Friday, May 30, 2014

big moves.

well.  it's official.  at the end of august i will be moving to NASHVILLE, TN and i could not be more excited.  a lot of people have asked what i will be doing there so i thought i'd blog some insight into this big move.

a few months ago a dear friend of mine, haley george, told me she and her wonderful roommate were leaving charlotte when their lease ended to move back to nashville and in passing she said "you should come too"... and that got my wheels turning.  "why not?" was all i could think.  just one year prior we had been in nashville and i thought while there "this is a city i could see myself living in."  now a year ago would i have thought i would be making this announcement?  NO WAY!  this idea of moving started so organically with a "why not?" to something that has been pressing further and further into my heart... further into my hopes and fears... further into my desires to know my God greater. 

you may remember this post from a few short weeks ago where i wrestled with my comfort zone and the abundant life i believe is just outside of that.  i believe this move something that the Lord has set before me that will stretch me, that will grow me, and that will bless my soul in more ways than i can begin to imagine.

i currently do not have a job lined up, but have started the search.  i've worked a great job for the last 9 years in the insurance world, but my heart and passion did not lie in my full time work.  my hope and dream is that the heart, passion, and talents the Lord has given me can be used in my daily work.  this is what i'm searching for in nashville.  want to hire me? 

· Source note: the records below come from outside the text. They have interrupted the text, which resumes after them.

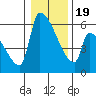 Stanwood tide chart for Tuesday, January 19, 2021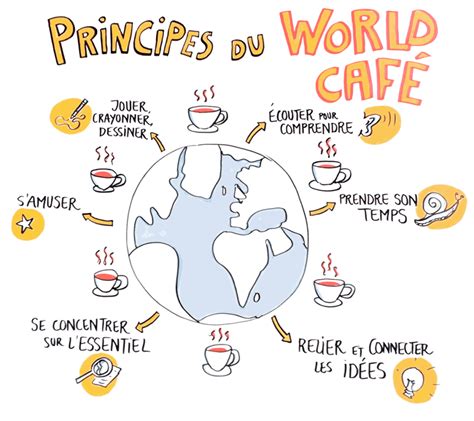 World Café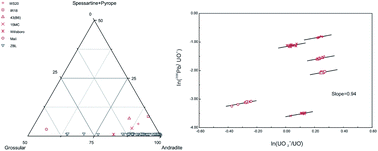 Graphical abstract: U–Pb dating of andradite-rich garnet by SIMS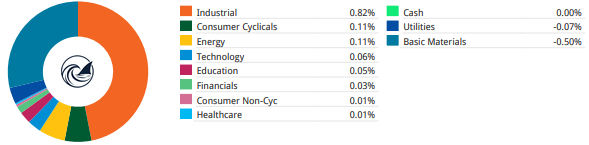  Weekly sector contribution chart for the BTT portfolio: Industrials lead at +82 bps, with Consumer Cyclicals and Energy each contributing +11 bps, partially offset by Basic Materials at -50 bps and Utilities at -7 bps.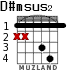 D#msus2 для гитары - вариант 1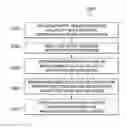 Fig. 01 - Systems and methods for configuring air interfaces with low overhead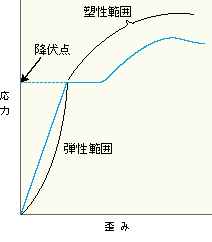 引張試験の応力－歪線図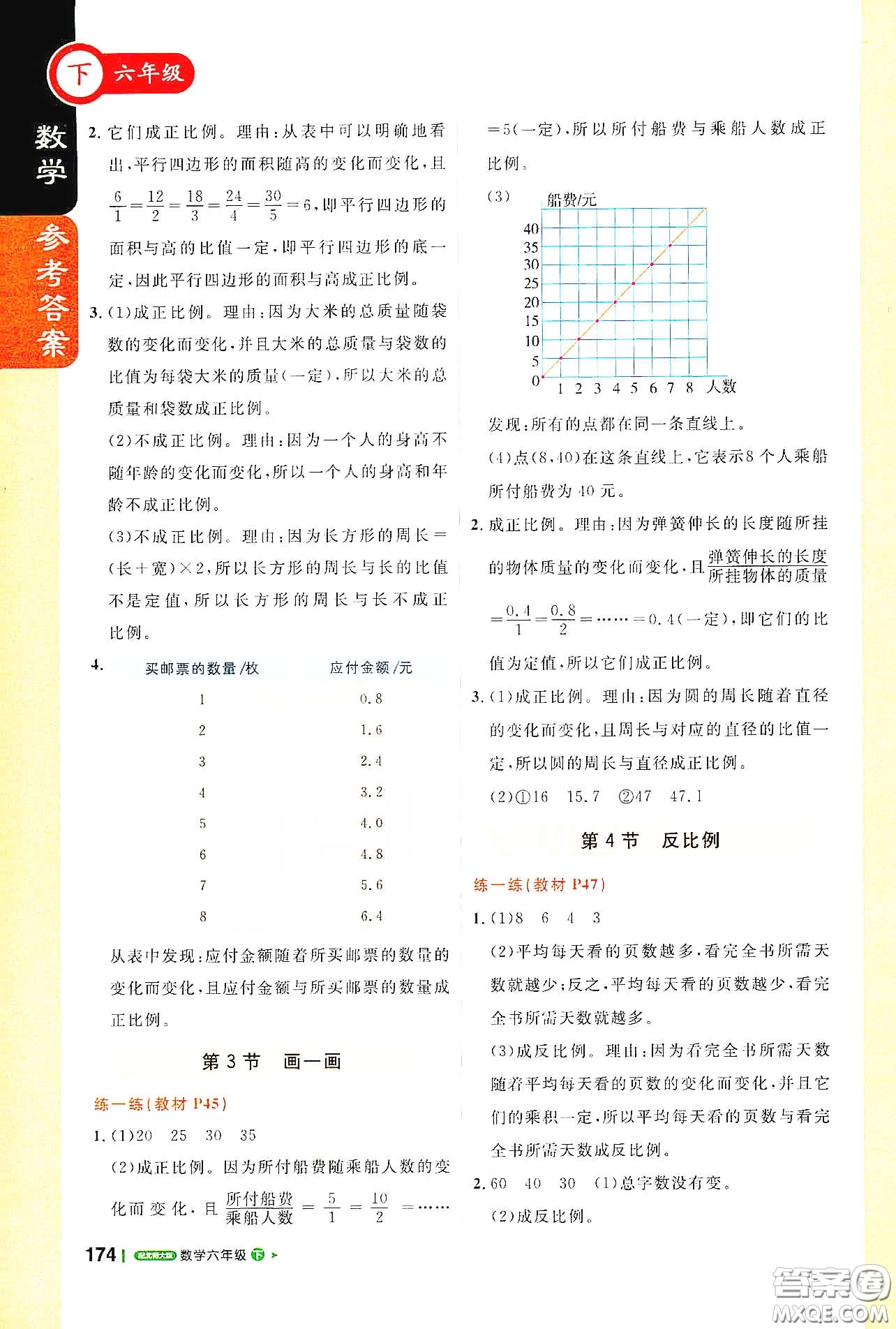 北京教育出版社2021年1+1輕巧奪冠課堂直播六年級數(shù)學下冊北師大版答案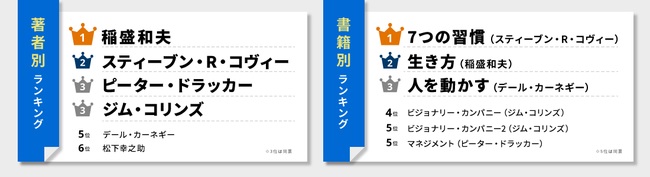 上位には、日本人著者による自己啓発本が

i'm very excited for new friends in nashville and cultivating the few friendships i have there.  i will miss SO many aspects of life in NC as my life here was really, really good.  my family and friends will be missed greatly.  this move for me is so bittersweet, but i press on... leaving something really good for something that i believe in my heart will be greater.  Jesus is calling me to step out in great faith and i'm saying YES.  an emphatic YES at that.

my prayer for a long time has been romans 8.  i pray my love for Jesus is multiplied, that i learn how to reflect Him to all those around me, that i learn to love well, to trust well, and truly lean into His promises for my life.

yes.  nashville is a big move, but i'm adventurously expectant.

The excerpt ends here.